— WORK REQUIRED —
Although pictures appear in the entries below, leave them out and print exactly the lines from the first line through the line containing "Natural Brown Interior".

════════════════

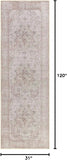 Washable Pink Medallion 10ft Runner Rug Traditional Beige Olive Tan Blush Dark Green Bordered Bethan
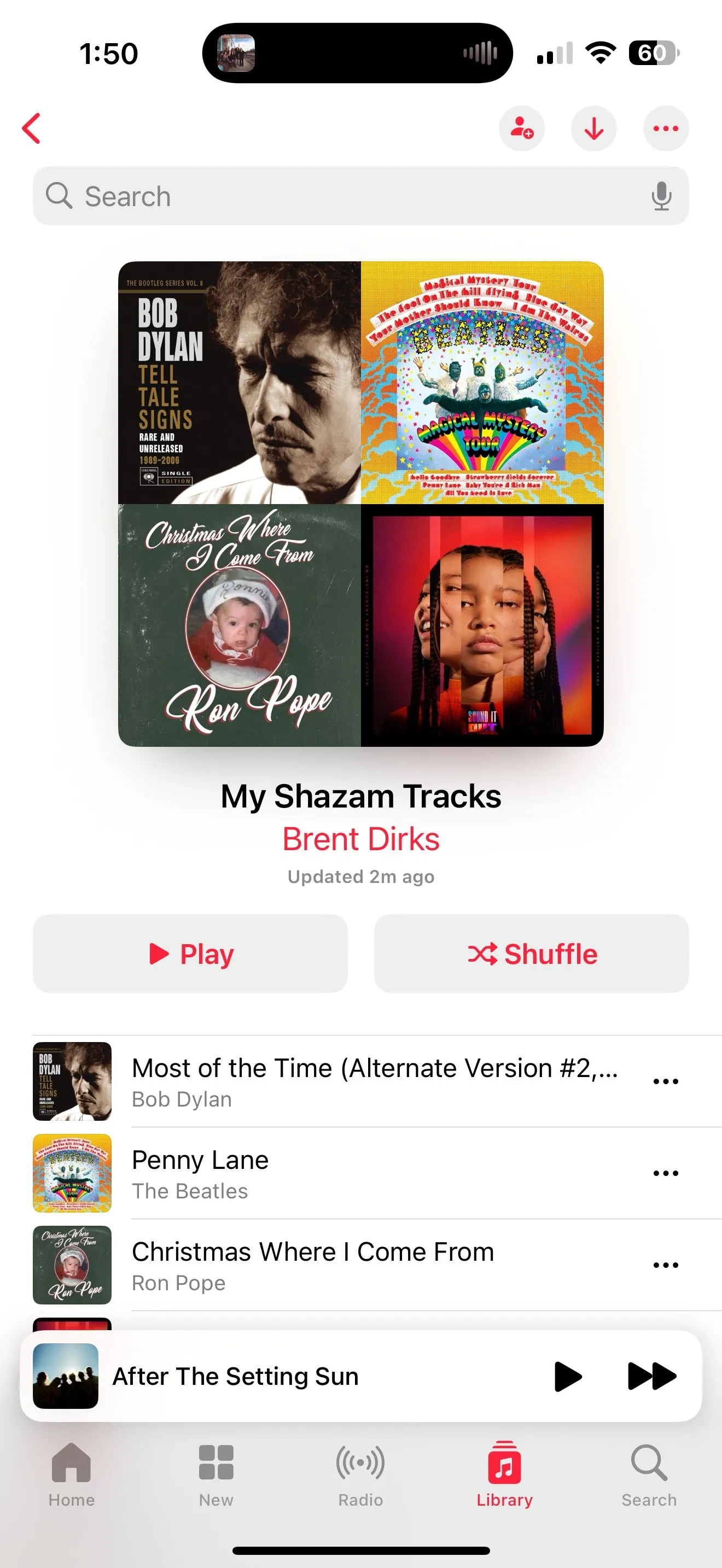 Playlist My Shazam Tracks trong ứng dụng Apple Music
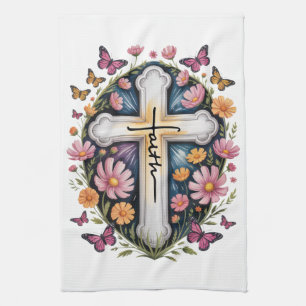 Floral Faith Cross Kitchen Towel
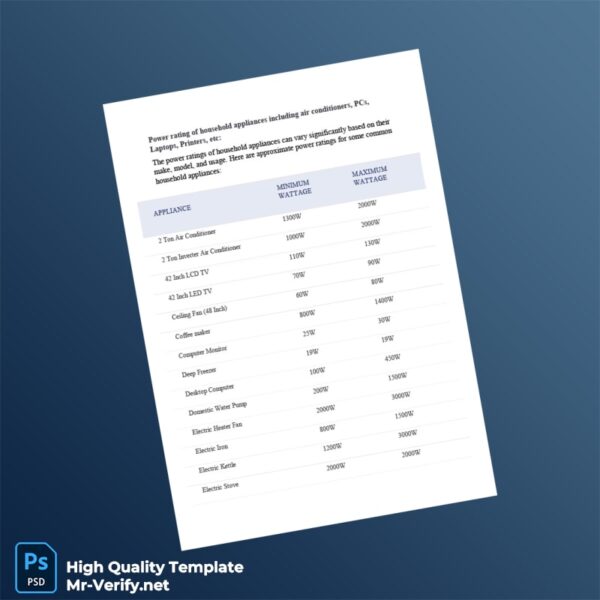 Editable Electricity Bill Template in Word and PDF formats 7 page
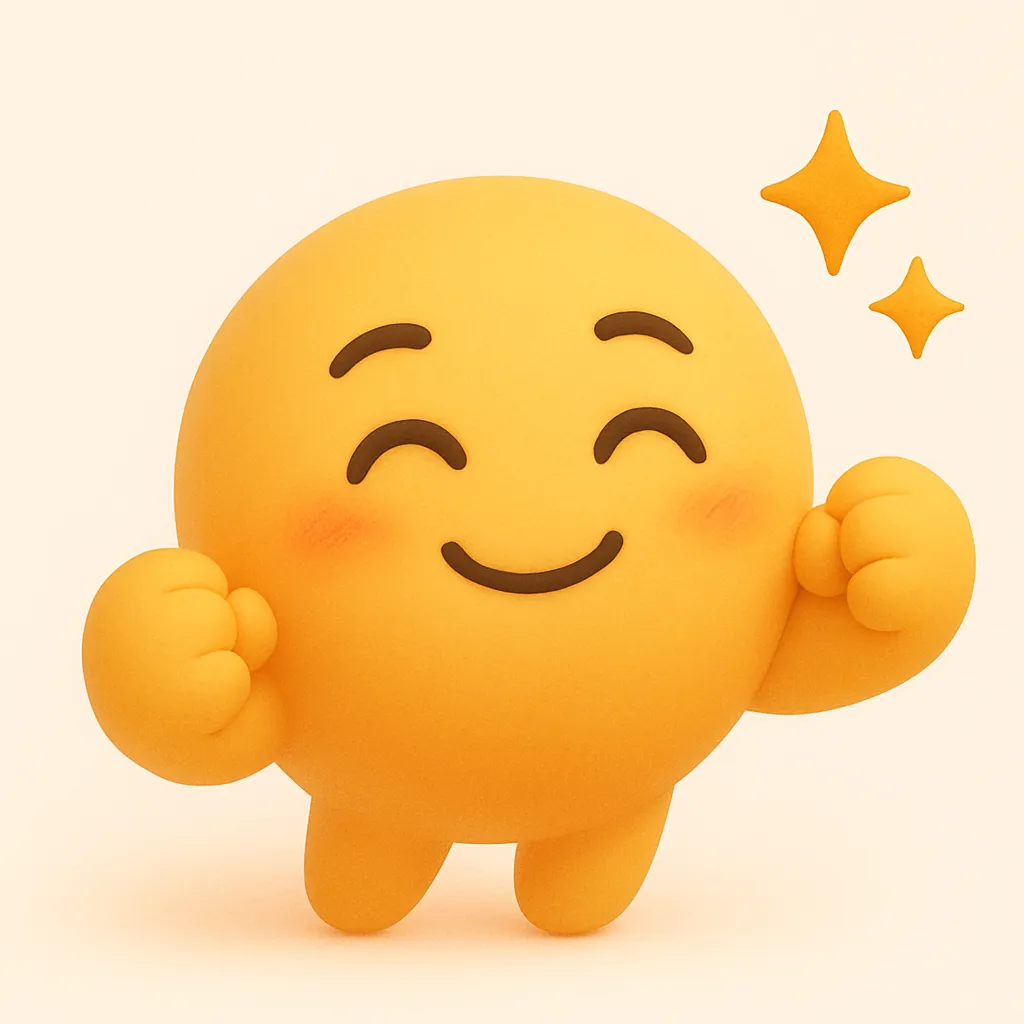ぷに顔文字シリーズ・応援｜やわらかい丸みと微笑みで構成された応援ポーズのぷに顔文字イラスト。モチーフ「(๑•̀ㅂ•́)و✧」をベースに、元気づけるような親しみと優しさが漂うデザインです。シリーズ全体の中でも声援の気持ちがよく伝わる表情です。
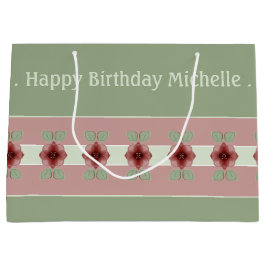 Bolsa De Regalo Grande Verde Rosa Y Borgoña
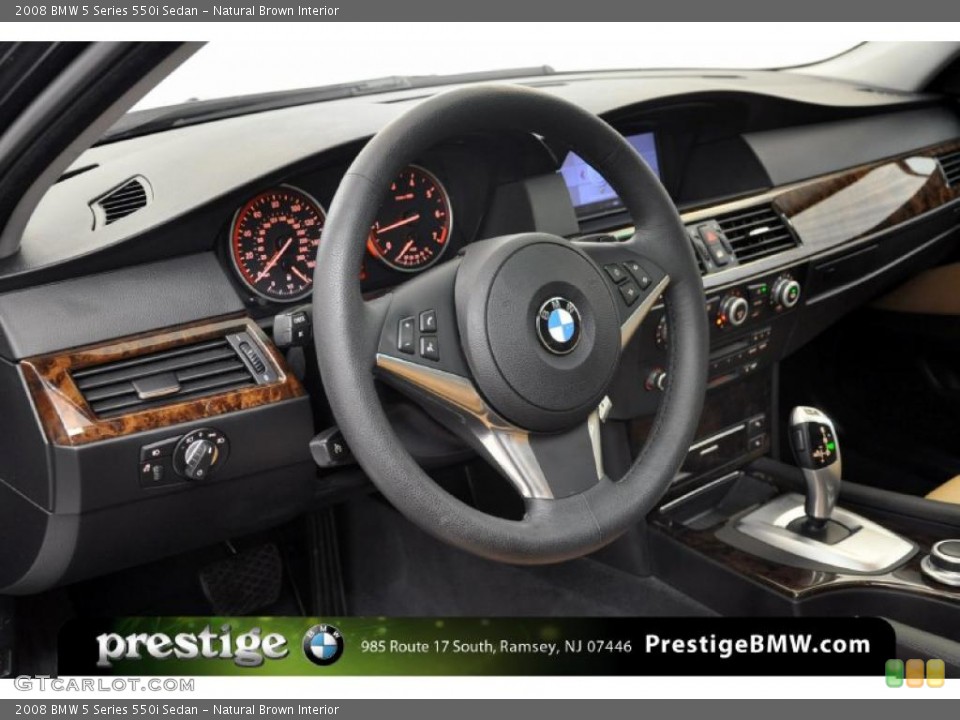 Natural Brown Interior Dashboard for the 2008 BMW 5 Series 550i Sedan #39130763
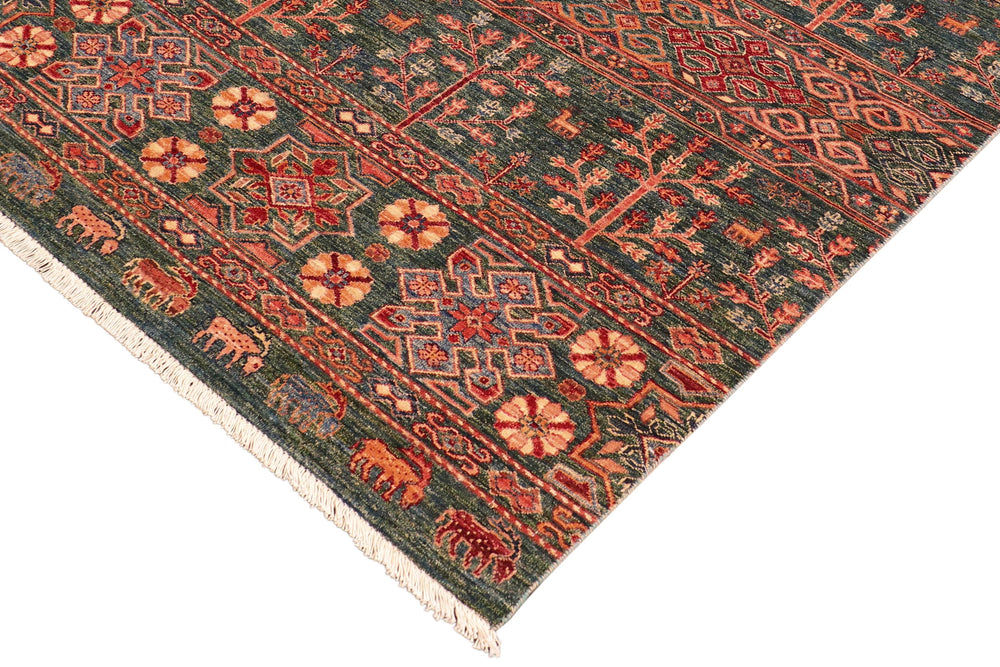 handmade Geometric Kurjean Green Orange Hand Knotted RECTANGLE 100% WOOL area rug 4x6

════════════════

— EXERCISE RESULT —
 Washable Pink Medallion 10ft Runner Rug Traditional Beige Olive Tan Blush Dark Green Bordered Bethan
 Playlist My Shazam Tracks trong ứng dụng Apple Music
 Floral Faith Cross Kitchen Towel
 Editable Electricity Bill Template in Word and PDF formats 7 page
ぷに顔文字シリーズ・応援｜やわらかい丸みと微笑みで構成された応援ポーズのぷに顔文字イラスト。モチーフ「(๑•̀ㅂ•́)و✧」をベースに、元気づけるような親しみと優しさが漂うデザインです。シリーズ全体の中でも声援の気持ちがよく伝わる表情です。
 Bolsa De Regalo Grande Verde Rosa Y Borgoña
 Natural Brown Interior Dashboard for the 2008 BMW 5 Series 550i Sedan #39130763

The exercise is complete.